Newspaper headlines that I hope I see in my lifetime but never will

Jeremy Kyle found beaten to death in a Manchester back alley

Bono ADMITS that he is a pretentious, hypocritical, short-arsed twat

RONAN THE BARBARIAN!!! - Down-and-out ex-boyzone star jailed for beating an old lady to death for her pension book

Jeremy Kyle found eviscerated outside a newsagents in Filey

Kim Kardashian EXCLUSIVE: "I have no discernible talent whatsoever"

Planet of the RAPES!! Sex-mad monkeys rule the roost at Whipsnade Safari Park

England Rugby Team "We are a bunch of fat cloggers who enjoy stripping naked and touching each other's tiny cocks"

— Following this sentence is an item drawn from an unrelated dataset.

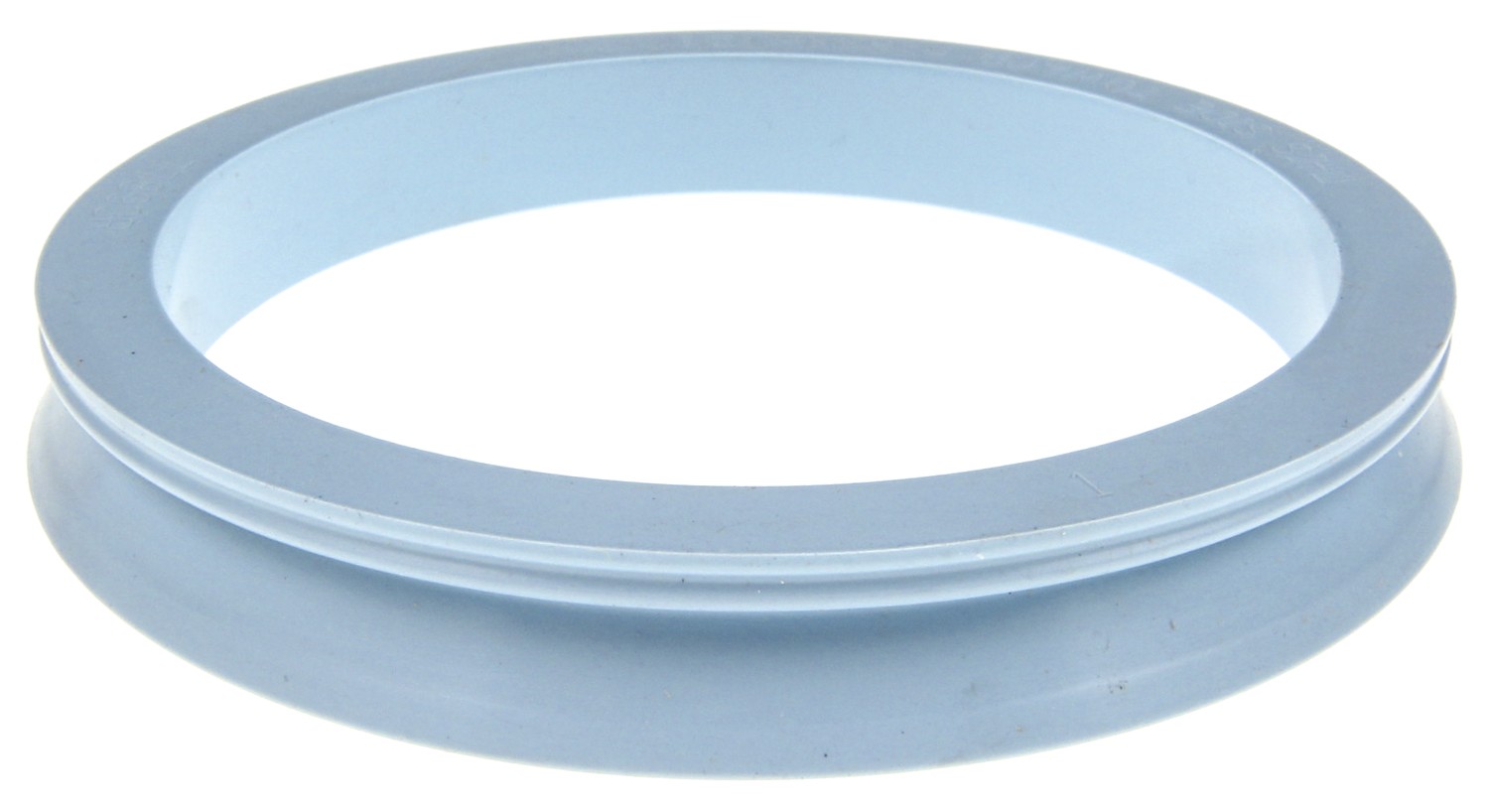 Fuel Injection Throttle Body Mounting Gasket MAHLE G32669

DAILY MAIL EXCLUSIVE: We hate all brown people, Eastern Europeans and gays and can't be bothered to mask this fact with sloppy journalism anymore

Jeremy Kyle found beaten to death with rubber dildos in a Warrington sex shop

Carol Vorderman: "Why my eyes are no longer on speaking terms"

RONAN THE LIBRARIAN!!! - Ex-boyzone star eking a living in Macclesfield mobile library

John Terry WORLD EXCLUSIVE: "Even my mum thinks I'm a cunt"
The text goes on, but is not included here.